* **TASK GOAL**
Only one part of the listing is needed: the lines from the one with "Eastside Awards sponsors" through the last line, copied exactly and free of pictures.

* **MATERIALS PROVIDED**

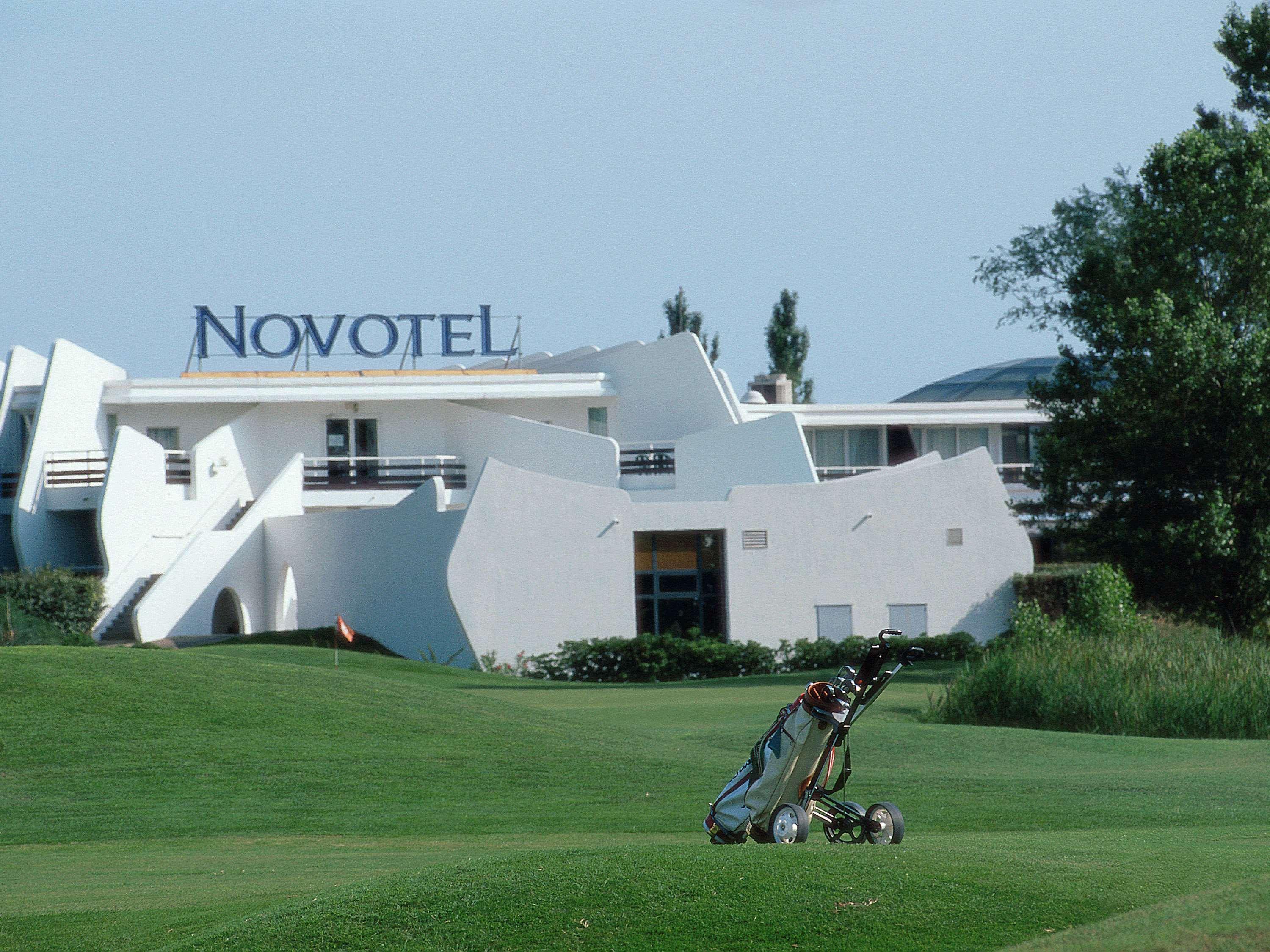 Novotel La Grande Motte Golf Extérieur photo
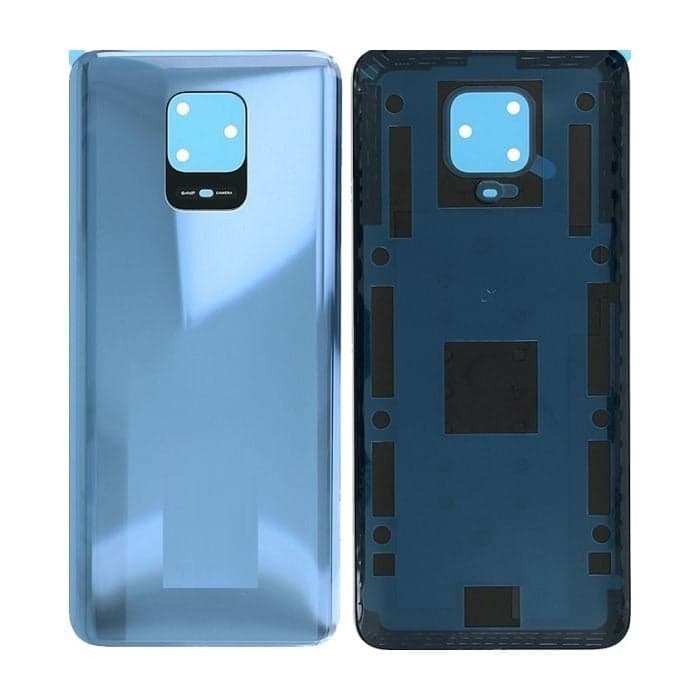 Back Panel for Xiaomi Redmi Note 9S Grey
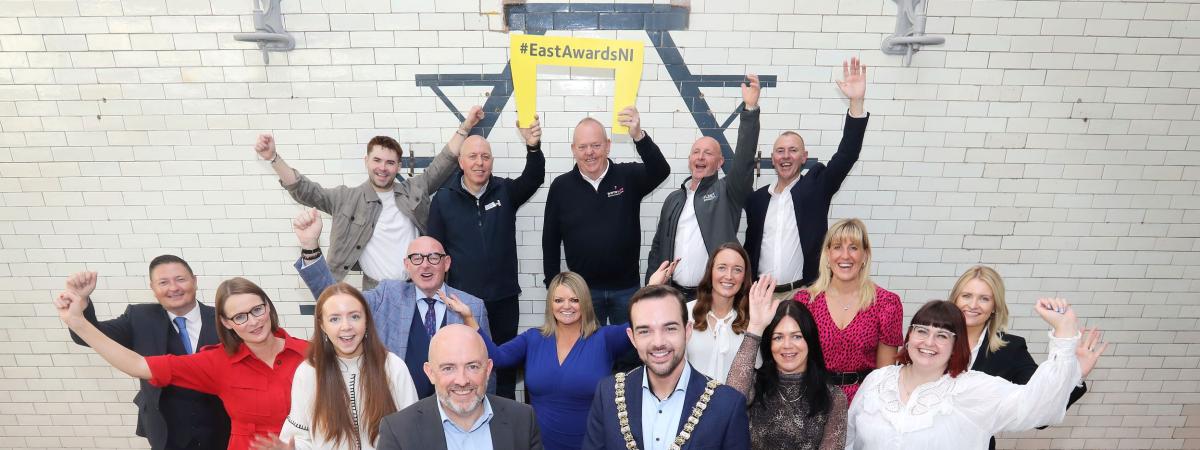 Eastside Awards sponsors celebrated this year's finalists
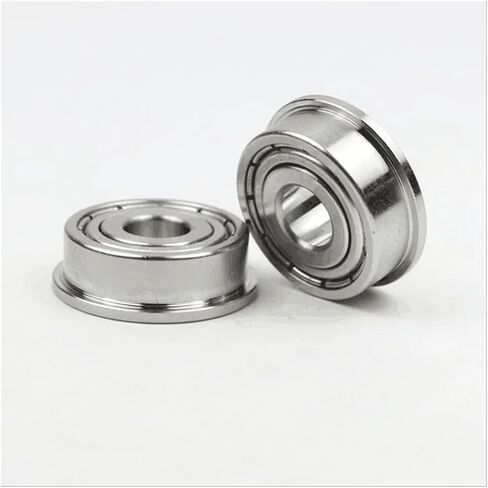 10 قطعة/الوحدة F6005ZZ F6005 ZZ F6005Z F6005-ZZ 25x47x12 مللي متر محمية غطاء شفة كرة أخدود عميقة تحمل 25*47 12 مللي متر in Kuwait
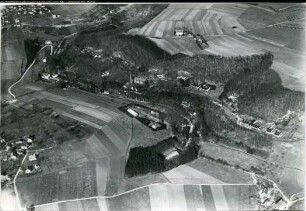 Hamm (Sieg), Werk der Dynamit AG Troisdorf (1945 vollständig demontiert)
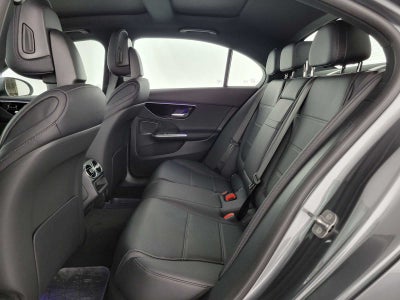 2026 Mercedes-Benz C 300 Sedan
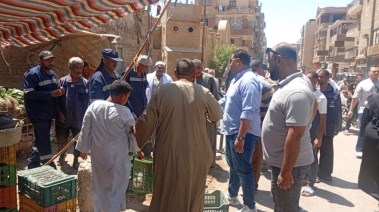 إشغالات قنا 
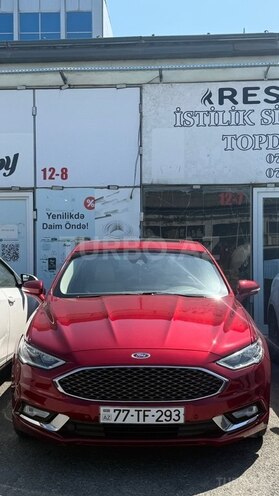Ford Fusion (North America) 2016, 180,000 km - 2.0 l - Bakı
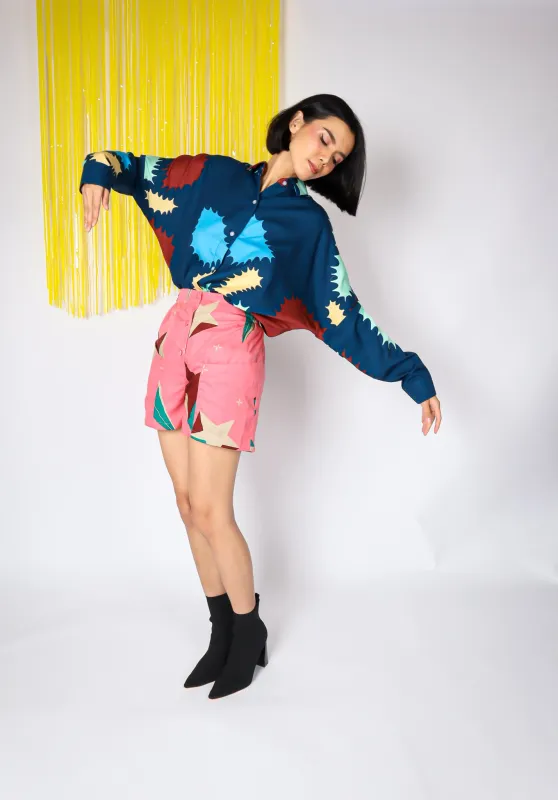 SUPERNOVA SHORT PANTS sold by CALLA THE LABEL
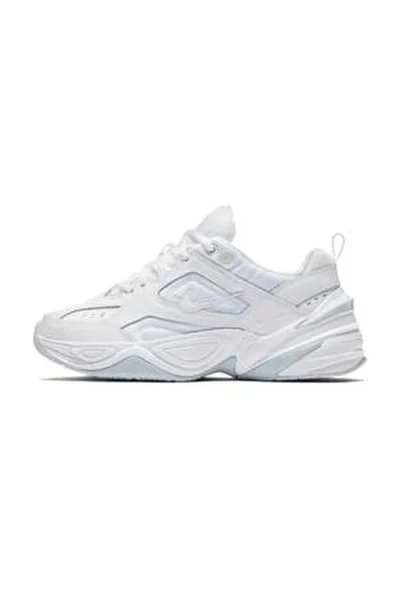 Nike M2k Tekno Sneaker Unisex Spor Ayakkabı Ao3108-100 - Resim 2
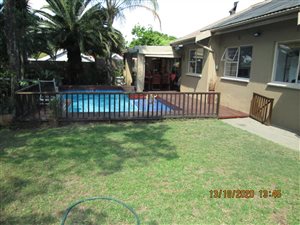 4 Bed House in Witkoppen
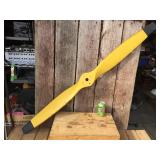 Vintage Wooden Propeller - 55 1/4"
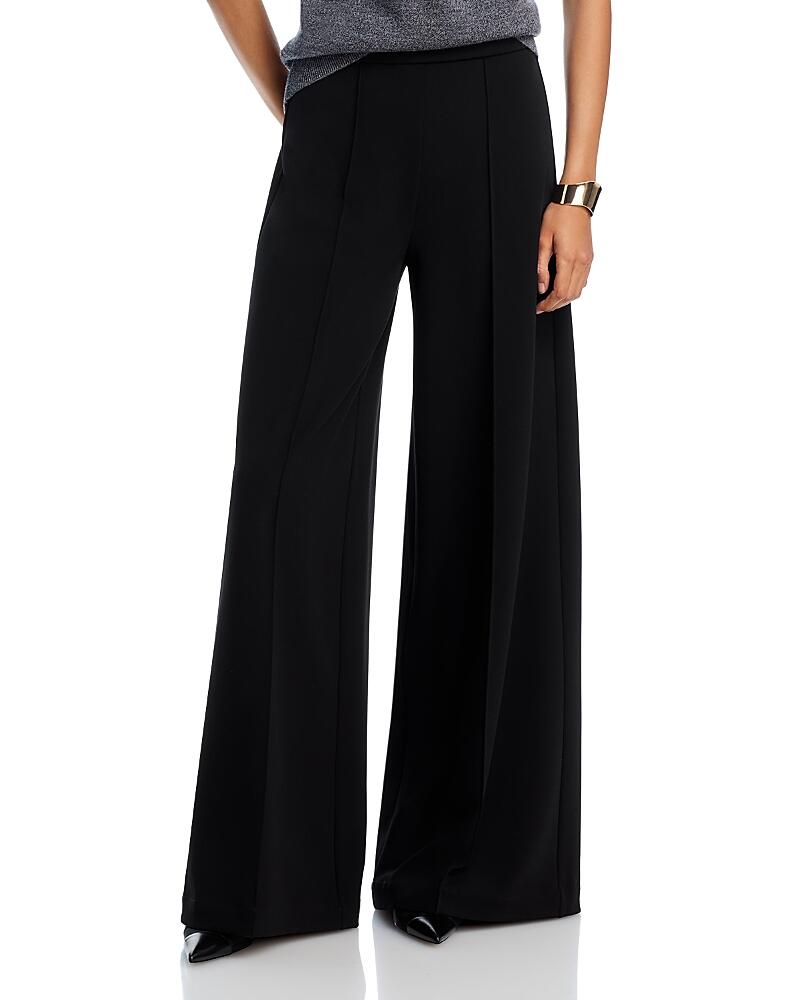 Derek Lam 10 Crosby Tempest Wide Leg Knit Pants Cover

* **EXERCISE RESPONSE**
 Eastside Awards sponsors celebrated this year's finalists
 10 قطعة/الوحدة F6005ZZ F6005 ZZ F6005Z F6005-ZZ 25x47x12 مللي متر محمية غطاء شفة كرة أخدود عميقة تحمل 25*47 12 مللي متر in Kuwait
 Hamm (Sieg), Werk der Dynamit AG Troisdorf (1945 vollständig demontiert)
 2026 Mercedes-Benz C 300 Sedan
 إشغالات قنا 
Ford Fusion (North America) 2016, 180,000 km - 2.0 l - Bakı
 SUPERNOVA SHORT PANTS sold by CALLA THE LABEL
 Nike M2k Tekno Sneaker Unisex Spor Ayakkabı Ao3108-100 - Resim 2
 4 Bed House in Witkoppen
 Vintage Wooden Propeller - 55 1/4"
 Derek Lam 10 Crosby Tempest Wide Leg Knit Pants Cover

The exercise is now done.